TASK STATEMENT »
Set the records down again in full, exactly as they are, apart from the images.
Segment Open
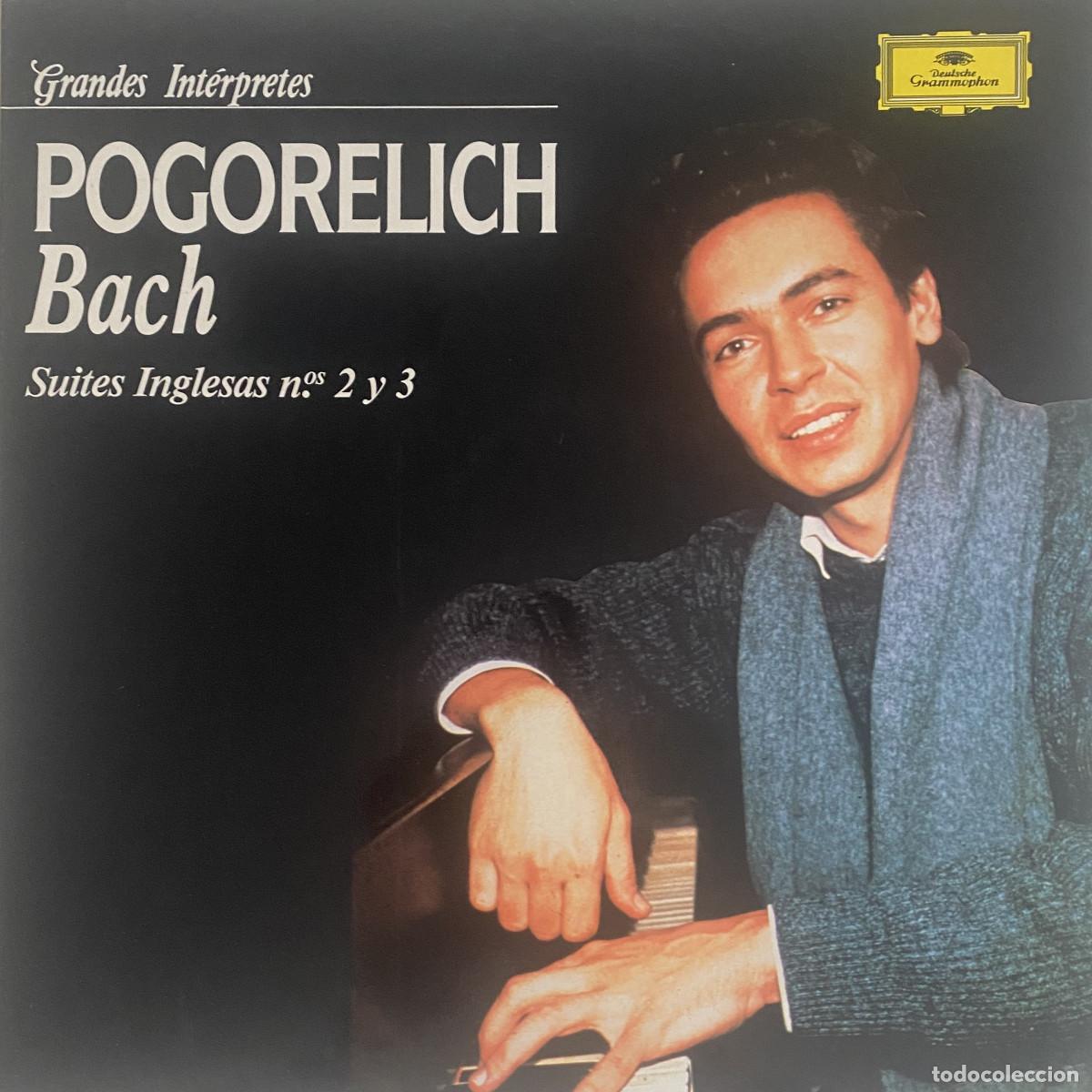 Discos de vinilo: POGORELICH - BACH - SUITES INGLESAS NO.2 Y 3 - DEUTSCHE GRAMMOPHON - VER FOTOS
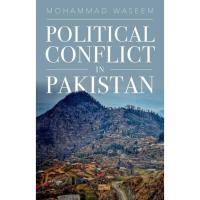 Oxford University Press: Political Conflict in Pak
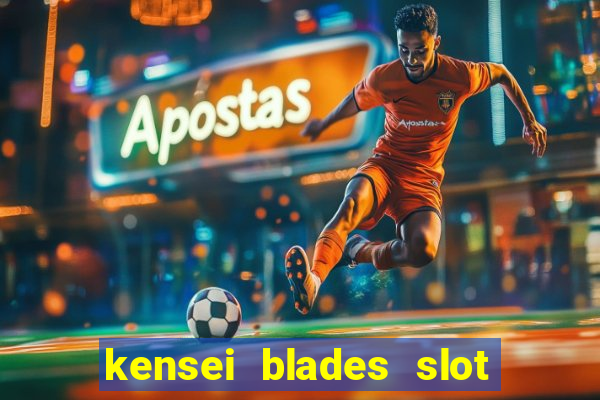 kensei blades slot free play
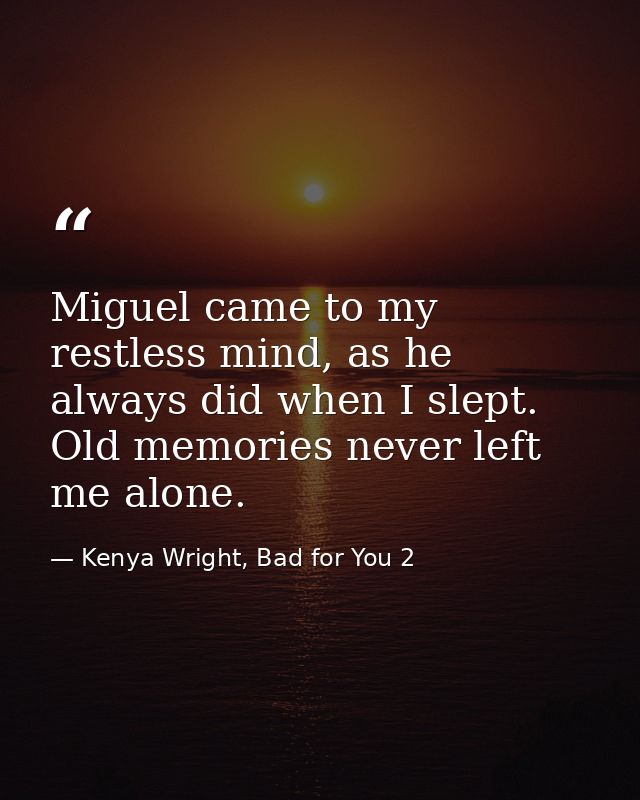 Miguel came to my restless mind, as he always did when I slept. Old memories never left me alone. — Kenya Wright, Bad for You 2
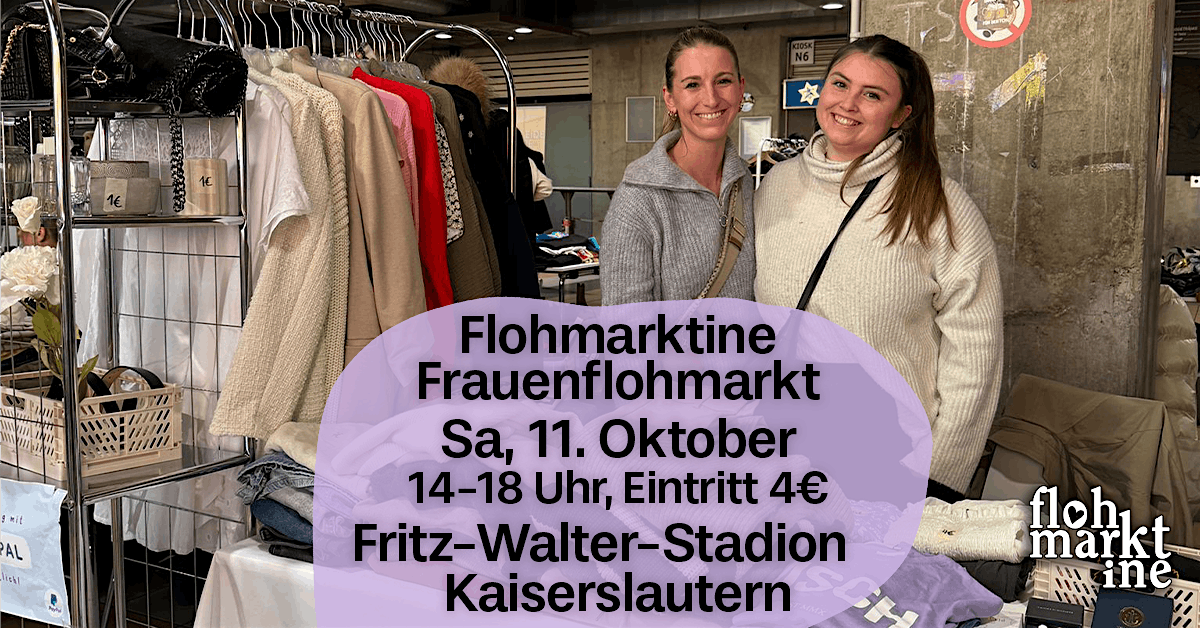 Flohmarktine Frauenflohmarkt \/ M\u00e4dchenflohmarkt! Sa 11.10.25 Kaiserslautern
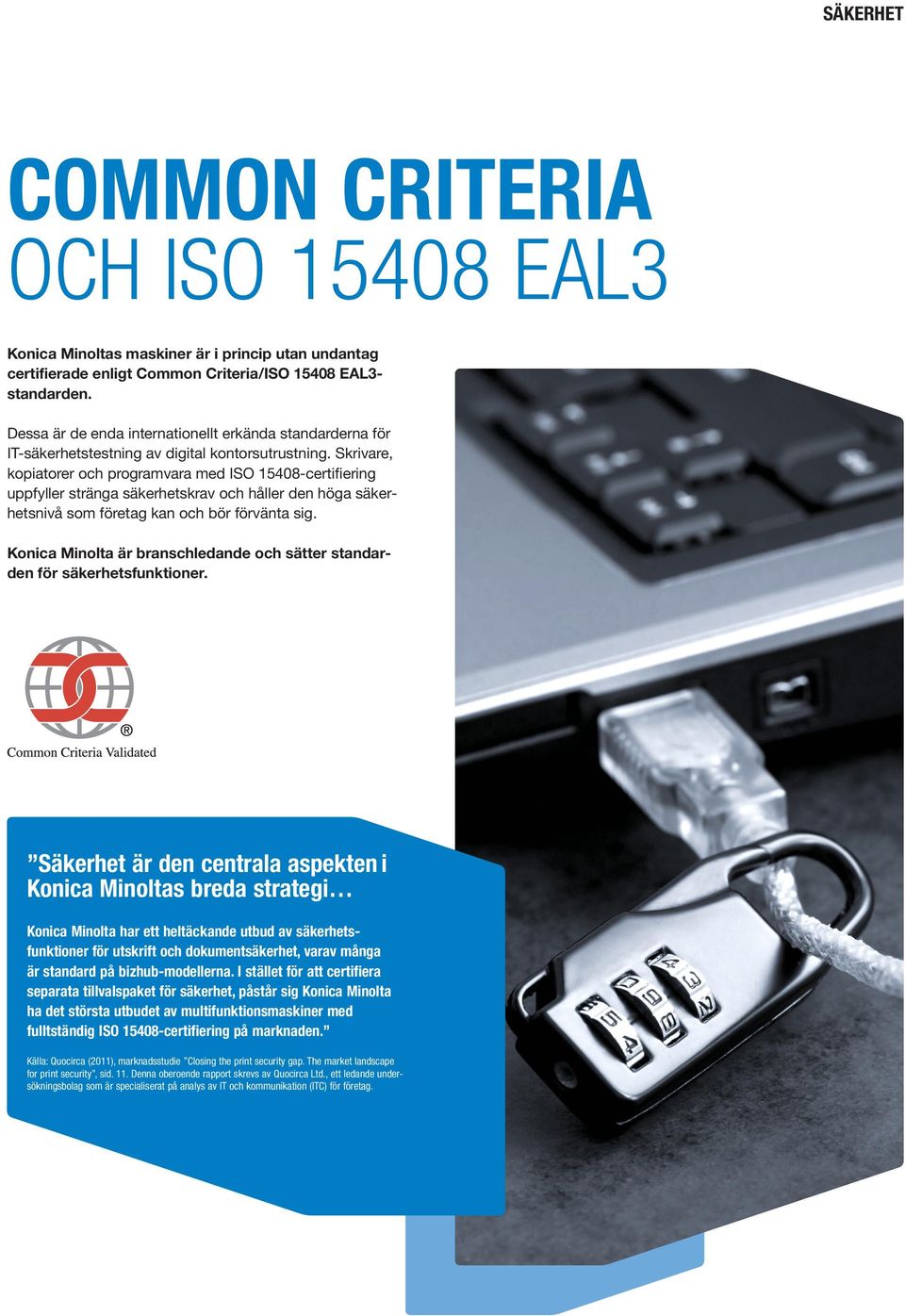 Skrivare, kopiatorer och programvara med ISO 15408-certifiering uppfyller stränga säkerhetskrav och håller den höga säkerhetsnivå som företag kan och bör förvänta sig.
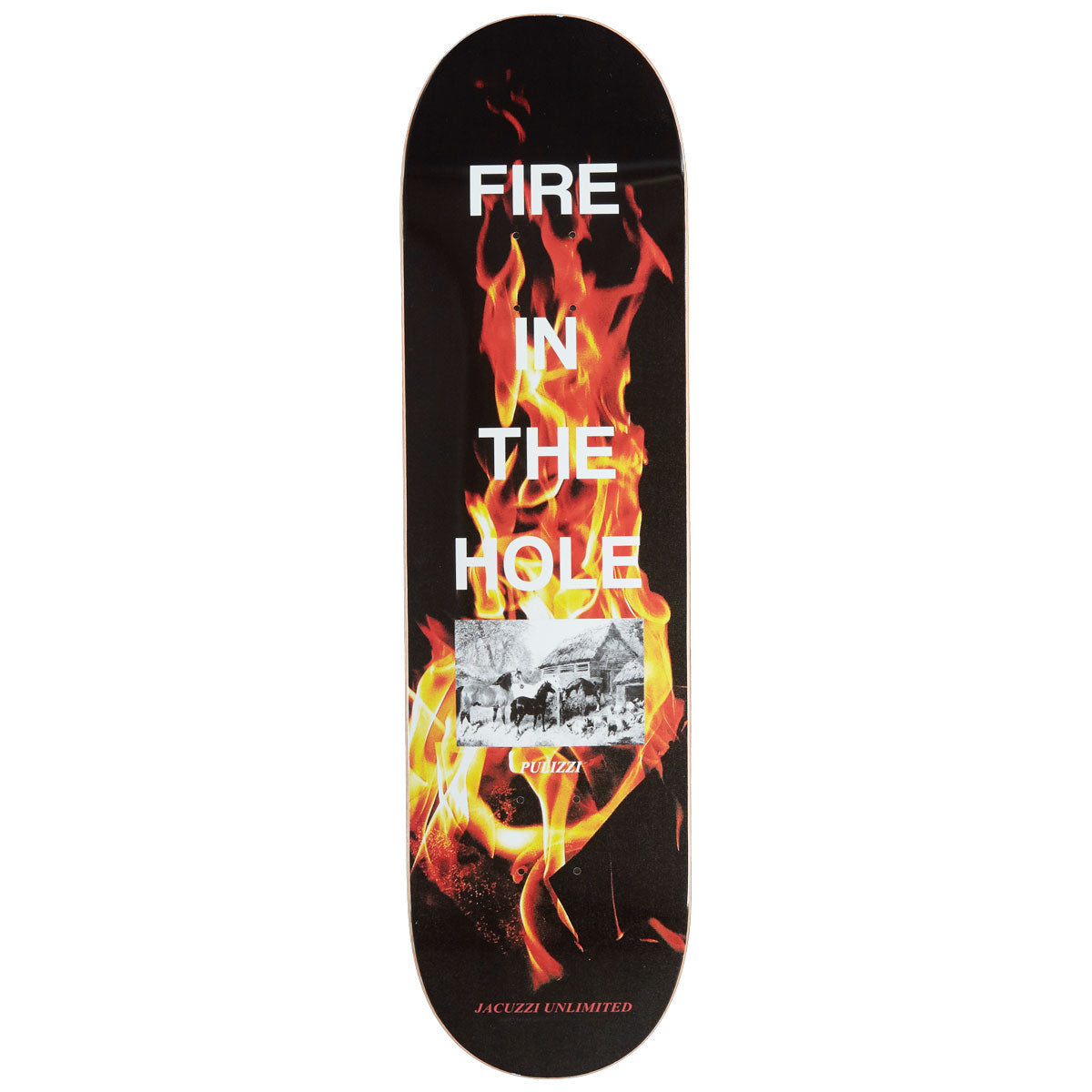 Jacuzzi Unlimited Michael Pulizzi Fire in the Hole EX7 Skateboard Deck - 8.375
Segment Closed
TASK OUTPUT »
 Discos de vinilo: POGORELICH - BACH - SUITES INGLESAS NO.2 Y 3 - DEUTSCHE GRAMMOPHON - VER FOTOS
 Oxford University Press: Political Conflict in Pak
 kensei blades slot free play
 Miguel came to my restless mind, as he always did when I slept. Old memories never left me alone. — Kenya Wright, Bad for You 2
 Flohmarktine Frauenflohmarkt \/ M\u00e4dchenflohmarkt! Sa 11.10.25 Kaiserslautern
 Skrivare, kopiatorer och programvara med ISO 15408-certifiering uppfyller stränga säkerhetskrav och håller den höga säkerhetsnivå som företag kan och bör förvänta sig.
 Jacuzzi Unlimited Michael Pulizzi Fire in the Hole EX7 Skateboard Deck - 8.375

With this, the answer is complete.